## [Information shown]

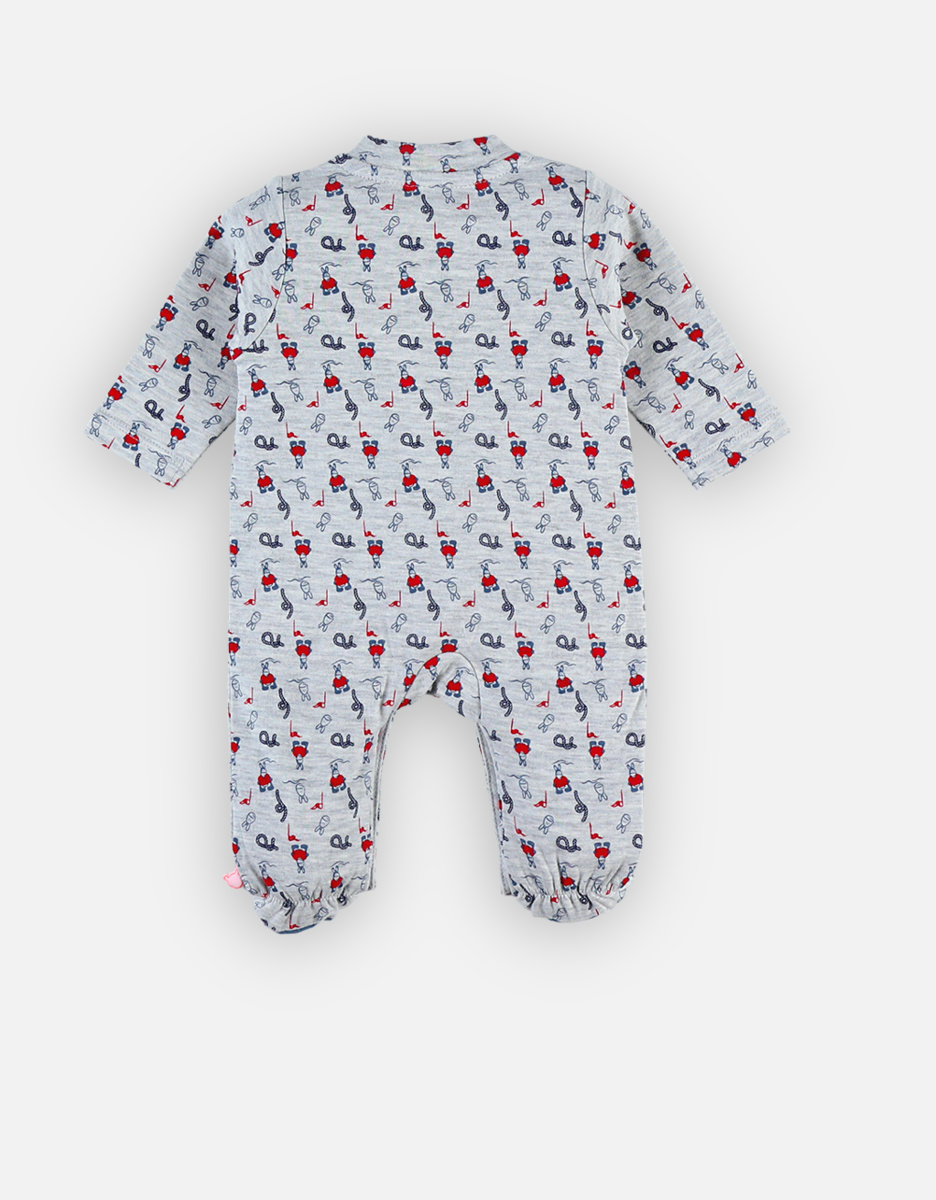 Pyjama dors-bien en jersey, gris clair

---

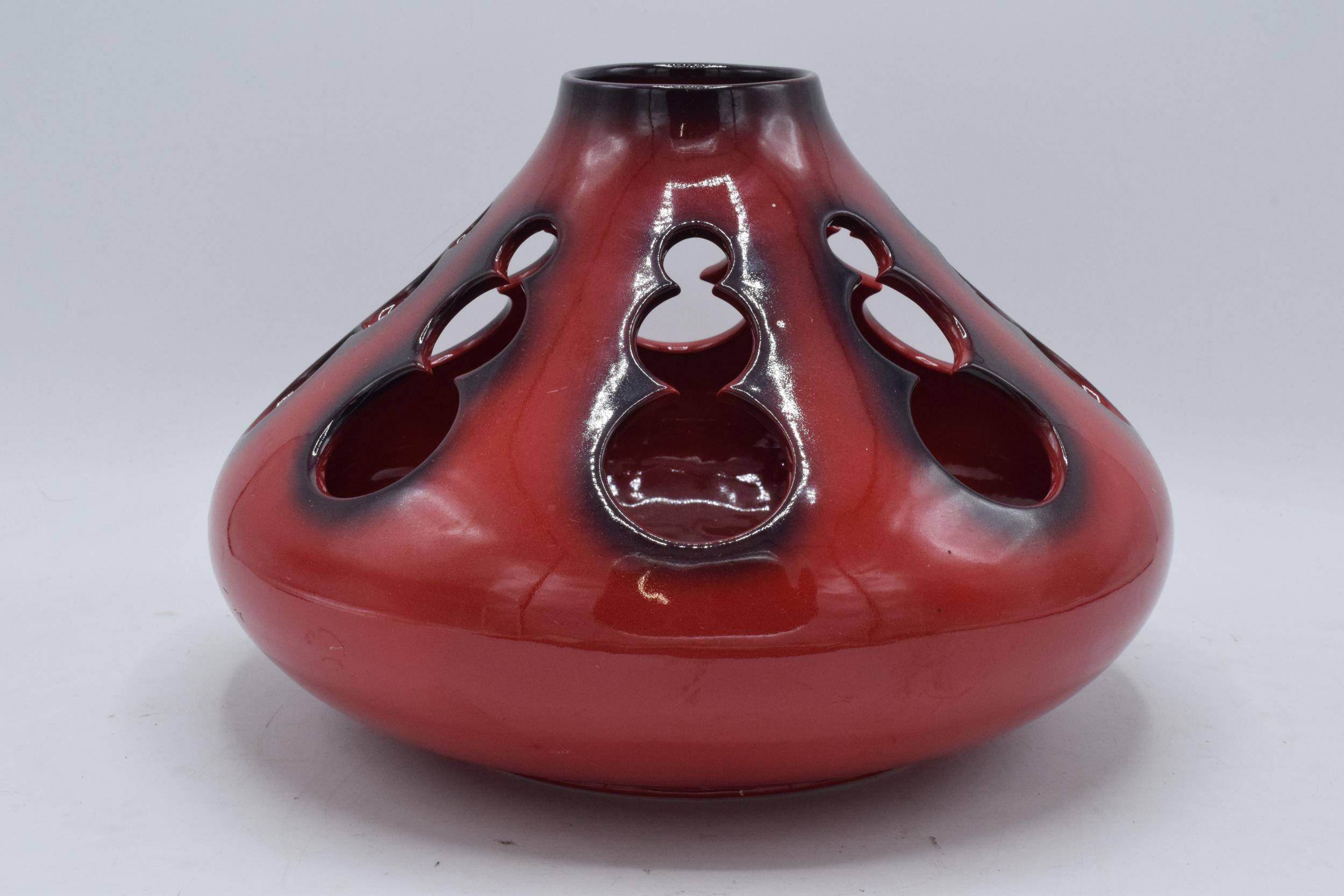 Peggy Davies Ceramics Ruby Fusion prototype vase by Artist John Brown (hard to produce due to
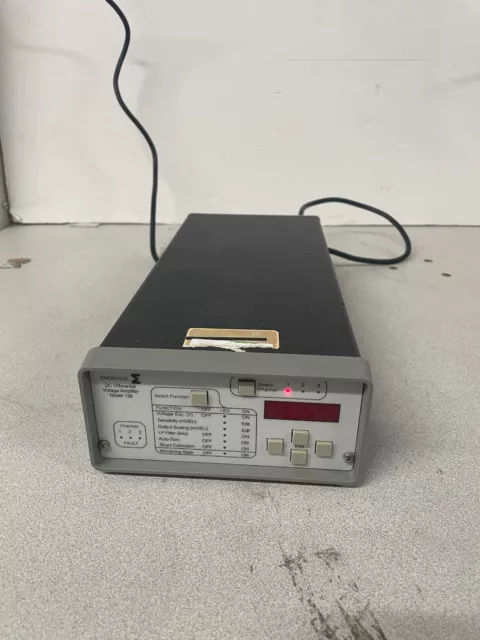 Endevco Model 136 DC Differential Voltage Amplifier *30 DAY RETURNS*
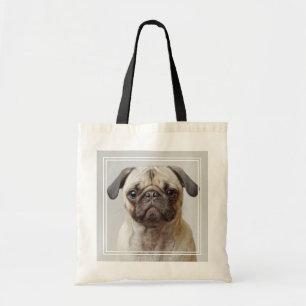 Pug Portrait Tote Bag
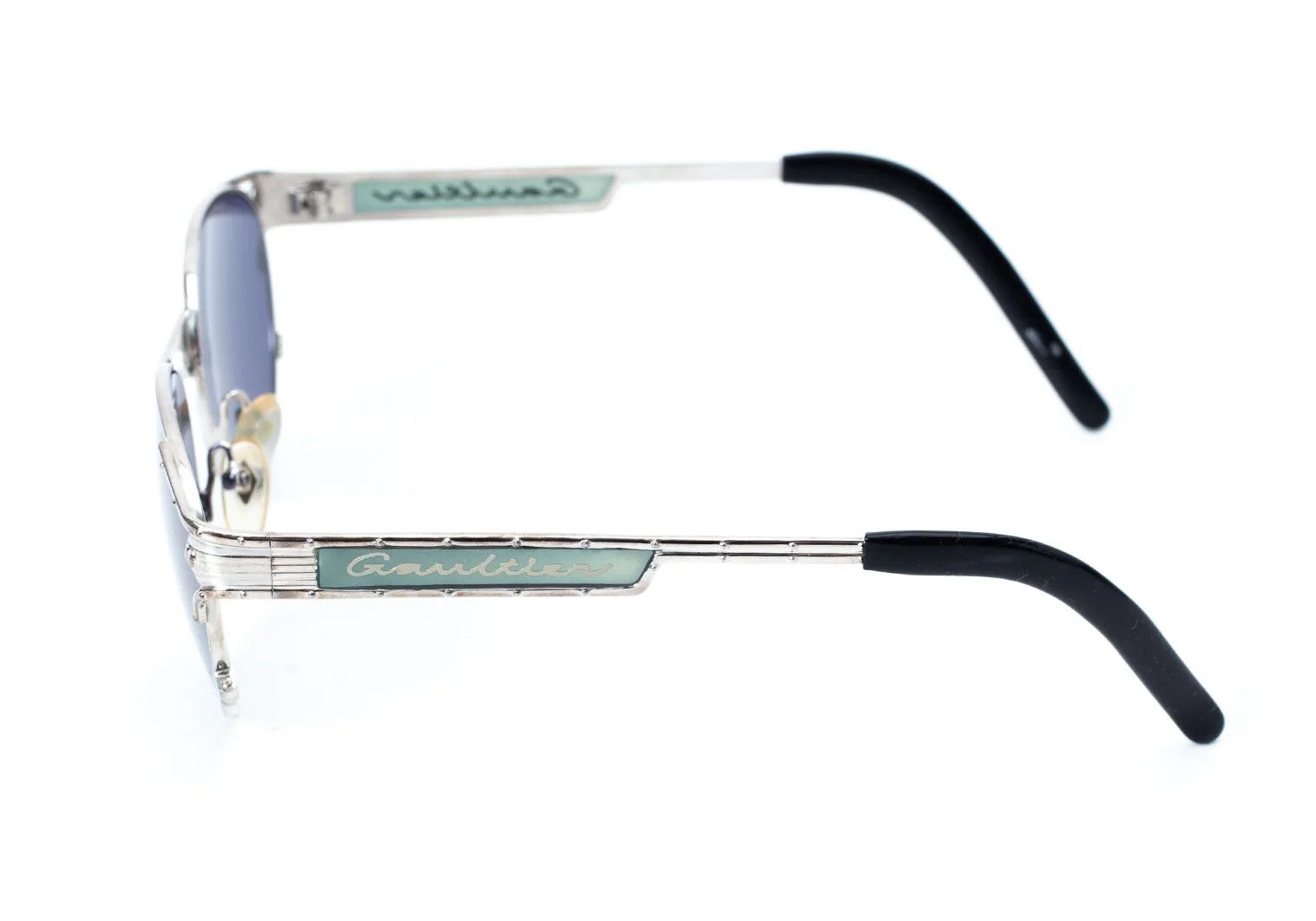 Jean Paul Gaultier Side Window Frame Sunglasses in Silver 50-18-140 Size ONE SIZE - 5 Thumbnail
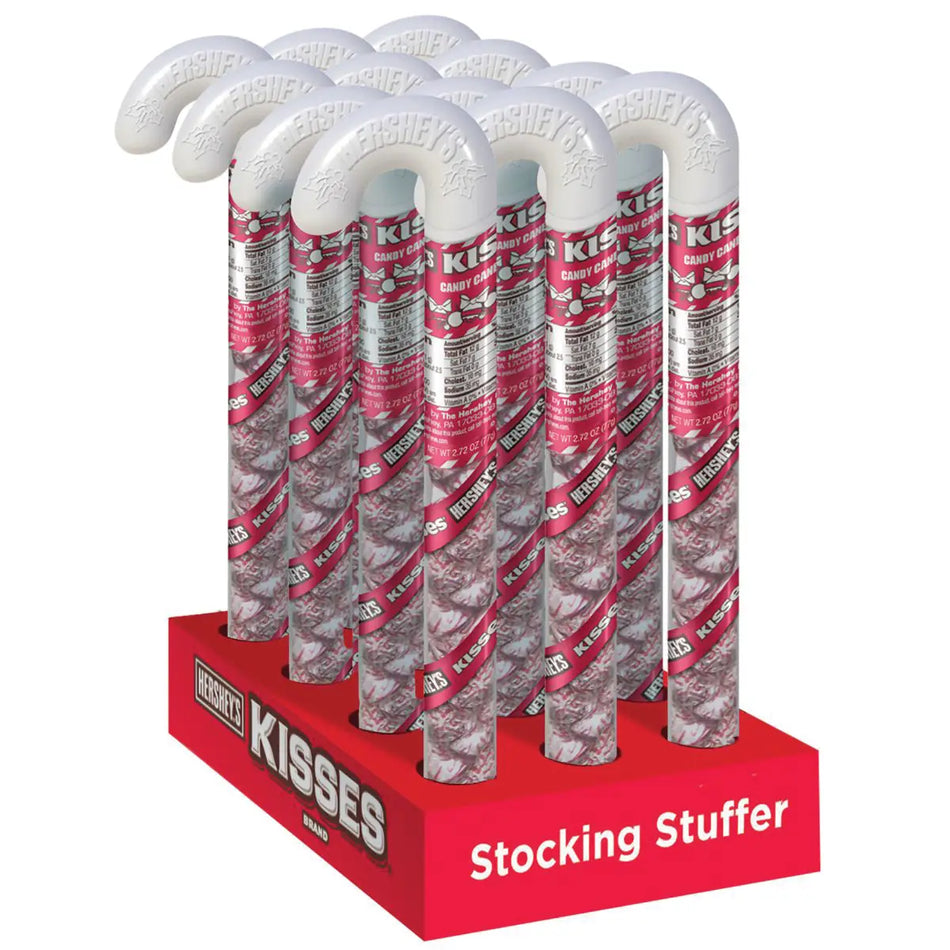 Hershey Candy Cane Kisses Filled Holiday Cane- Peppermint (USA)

## [Task details]
Copy needed, without pictures: the lines of the listing above from the line containing "Jean Paul Gaultier" up to and including the line containing "Hershey Candy Cane", set down exactly.

## [Response to this task]
 Jean Paul Gaultier Side Window Frame Sunglasses in Silver 50-18-140 Size ONE SIZE - 5 Thumbnail
 Hershey Candy Cane Kisses Filled Holiday Cane- Peppermint (USA)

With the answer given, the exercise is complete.